• [What is needed]
Give an exact transcription limited to the lines from the one with "小區(qū)渾天儀雕塑，拉絲景觀雕塑，抽象效果" through the end of the entries, including both; no pictures belong in it.

━━━

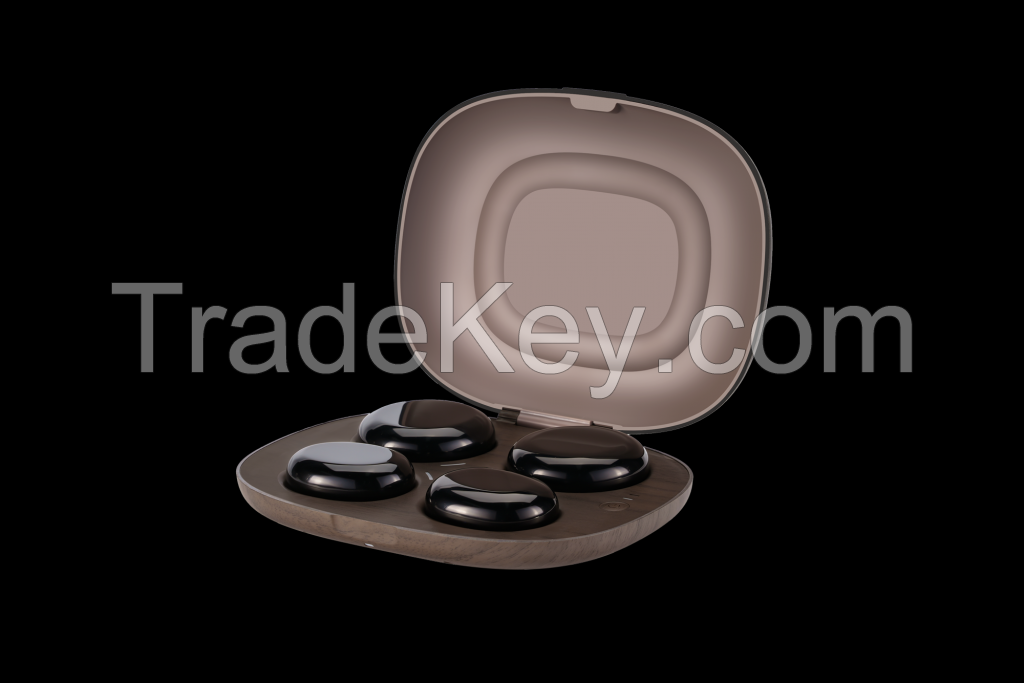 Obsidian Natural Stone Keep Healthy For Home Use And Travel For Massage Increase Emotion, Easy Use Simple Operation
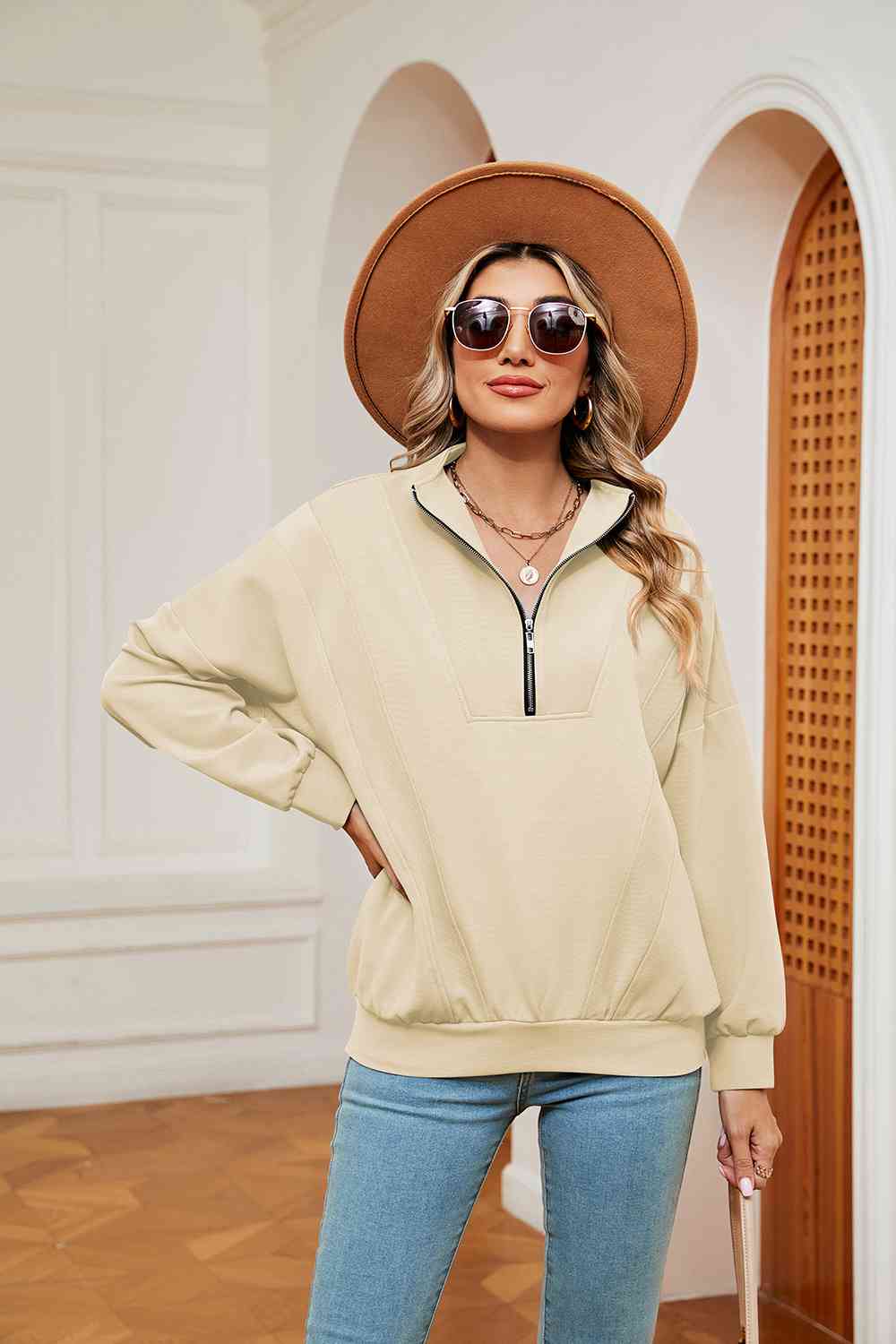 Half-Zip Sweatshirt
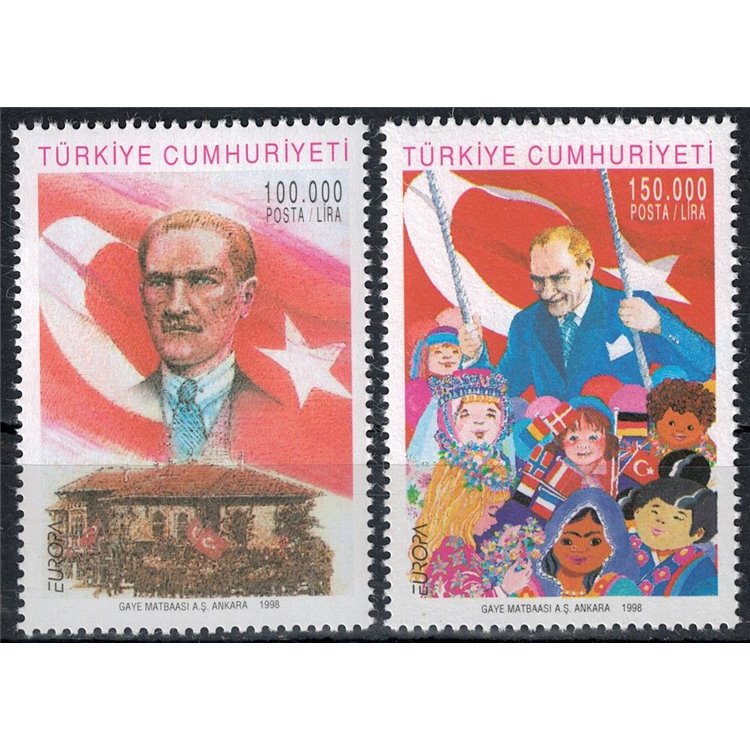 TURCHIA 1998 Europa 2v MNH**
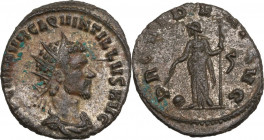 Quintillus (270 AD). BI Antoninianus. Rome mint. Obv. Radiate bust right. Rev. Providentia standing left, holding sceptre and wand. RIC V 28. BI. 3.40...
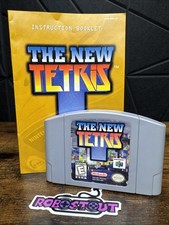 The New Tetris (Nintendo N64) Cleaned, Tested & Authentic with Manual⭐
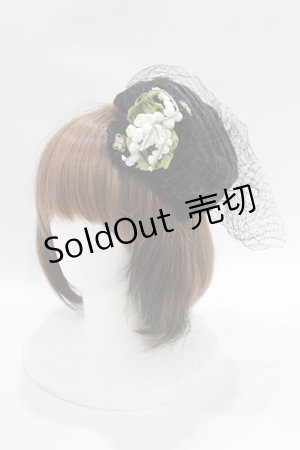 画像: Hoshibako Works / Ms.リリー・ウィリーのピルボックスハット  ブラック H-25-10-19-1075-LO-AC-NS-ZH
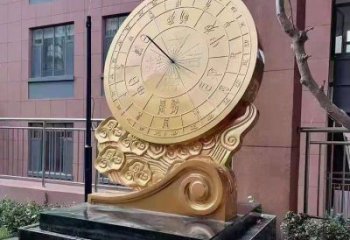小區(qū)渾天儀雕塑，拉絲景觀雕塑，抽象效果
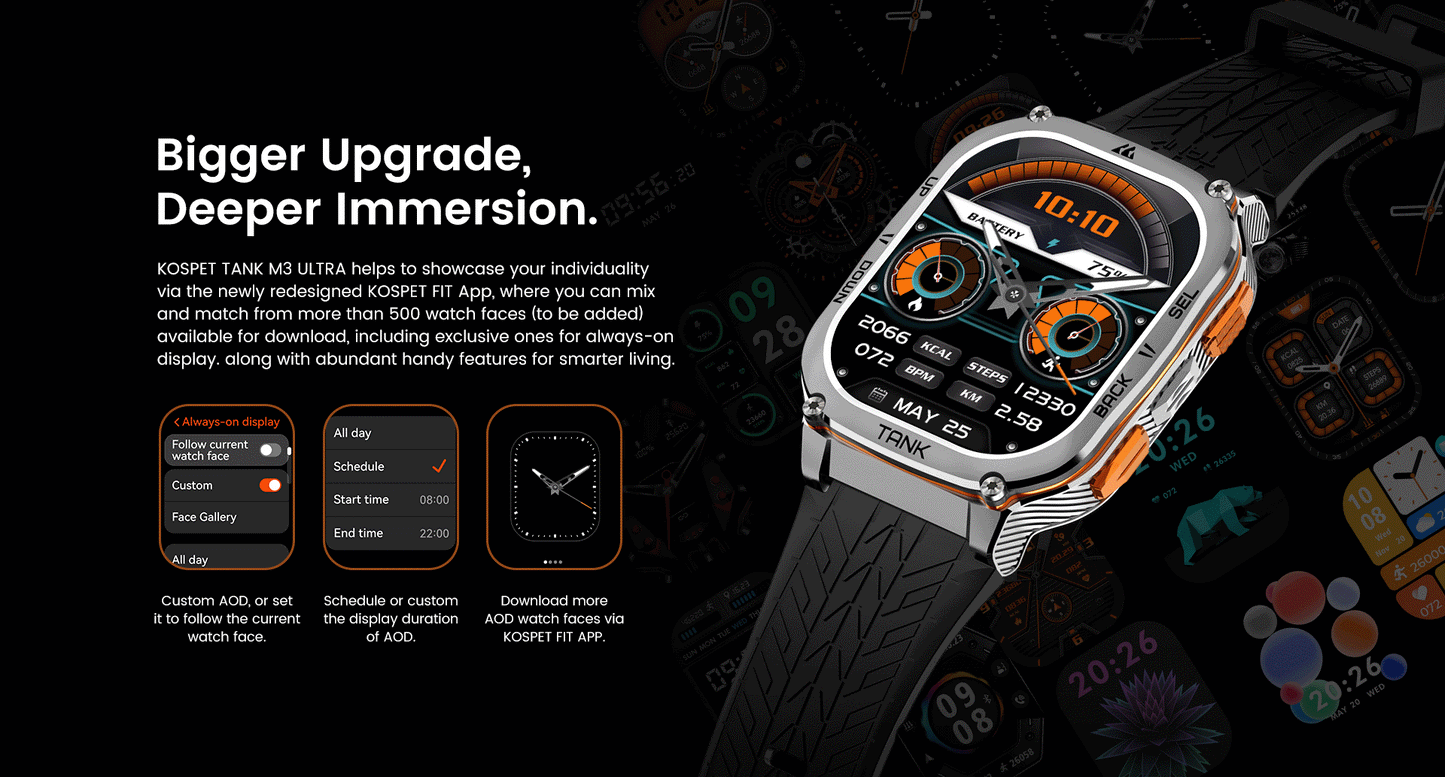 KOSPET TANK M3 Ultra Smartwatch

━━━

• [Completed exercise]
小區(qū)渾天儀雕塑，拉絲景觀雕塑，抽象效果
 KOSPET TANK M3 Ultra Smartwatch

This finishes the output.